I will let you know how the stain stick works out after I have something to use it on lol


----------



## Onion-Creek-Oberhaslis (Sep 25, 2013)

Thanks to my Secret Santa! I got my package in yesterday. LOVE it! My cat is sooo picky (she only eats cat food ).... She loved her treats! Cheyanne (my dog) says thank you for the grain free treats (she is allergic to grain, how did you know?!). Loved them too! Now both my cat and dog beg for more! I will have to find out who the lucky goat is that gets the bell. I loved the mug, the coca and the maple syrup candies (my favorite!). Thanks again!

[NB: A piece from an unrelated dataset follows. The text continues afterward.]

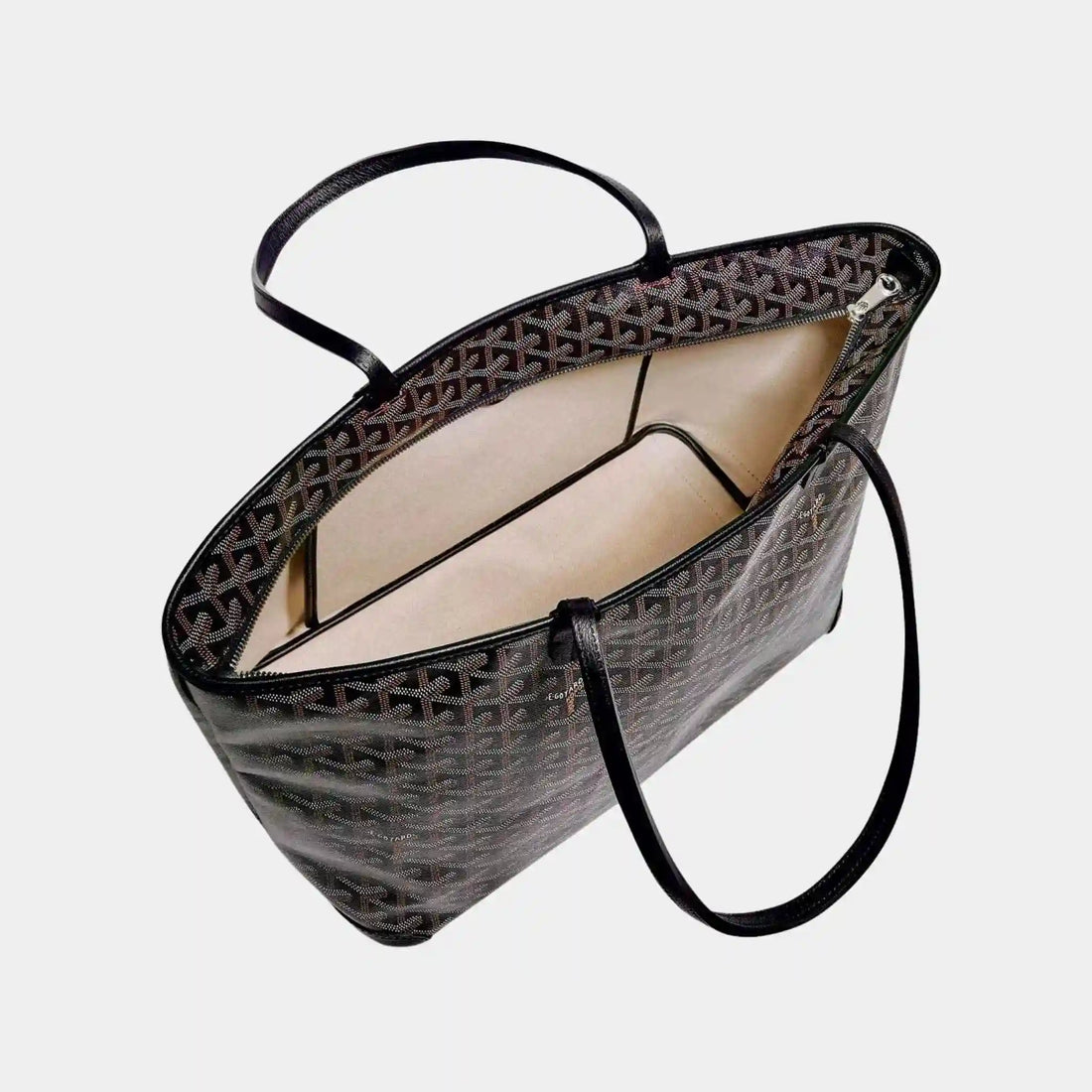 حقيبة Goyard Artois MM، سوداء، منظر داخلي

~Sierra And The Crew At Onion Creek!


----------



## wildegoats0426 (Aug 30, 2013)

This is the best secret Santa gift I have EVER gotten!!


----------



## Crystal (Jan 20, 2013)

I absolutely love my Secret Santa gifts. Thank You.:leap: As soon as I can upload my pictures I will post them.


----------



## Crystal (Jan 20, 2013)

Okay my internet is working again on my laptop so I can post a picture now. Just love my scarf it is so pretty. Two bracelets one with a horse shoe. The key chain did not show in this picture. Loved everything. :thankU::lovey:


----------



## nchen7 (Feb 25, 2013)

still waiting to see if my SS got their gift yet.....


----------



## goathiker (Apr 14, 2011)

There has been lots of time for gifts to get where they are going, with the exception of the gal in SA who only gets mail twice a month...
Has everyone sent out the gifts? Have people received them that haven't posted back yet? Where is everyone??? :lol:


----------



## J.O.Y. Farm (Jan 10, 2012)

I got mine and my SS got theirs!


----------



## MoonShadow (Mar 1, 2015)

I'm still waiting to see if my ss got their gift also.


----------



## HappyCaliGoats (Mar 19, 2014)

Haven't received it yet but I'm here! Lol!


----------



## goathiker (Apr 14, 2011)

Going through my records the hold up seems to be at the Canadian border. We have gifts going to and from strange places and 3 different countries involved :lol:


----------



## nchen7 (Feb 25, 2013)

LOL. that would be for ME!! i'm still waiting on mine. i changed my address, but it should still come to me (same building, different unit...)


----------



## goathiker (Apr 14, 2011)

Actually, there are 6 people outside of the mainland of America...


----------



## shaunerna (Jul 2, 2013)

From SA - nothing yet - will go and check my postbox again tomorrow


----------



## thegoatmama (Mar 19, 2015)

Hi. haven't been around in a while. Before Christmas I pulled a muscle in my back and been laid up. Super fun. It delayed me finishing making my present, but it's almost done now and will get sent out soon! Will it add a touch of Hawaii to know that this was made on Hawaiian time? :laugh:
Checked my box just the other day and still waiting for mine. :book:


----------



## nchen7 (Feb 25, 2013)

Ah...the joys of snail mail!


----------



## CrazyDogLady (Aug 9, 2014)

Got and sent mine. However, going to send a pm because my person just said they didn't receive theirs.


----------



## shaunerna (Jul 2, 2013)

I received my present today - thank you very much my Secret Santa - I love the handmade goats milk soap, the sea salt and the candy (very nice)!


----------



## shaunerna (Jul 2, 2013)

Will post a picture later when I have better internet connection


----------



## MoonShadow (Mar 1, 2015)

Anymore news on gift arrivals? As far as I know my SS buddy hasn't received theirs yet.


----------



## thegoatmama (Mar 19, 2015)

I mailed mine on Monday :woohoo: <--- happy post office dance :lol:


----------



## nchen7 (Feb 25, 2013)

The wait was definitely worth it! I bare got my coat off beforehand ripping into the box, and when I did I found the CUTEST handmade stuffy with a note. Josie is adorable, and I'm sure she's even better in real life. The bf wants to turn stuffy Josie into a Christmas ornament, that's how much we love it!!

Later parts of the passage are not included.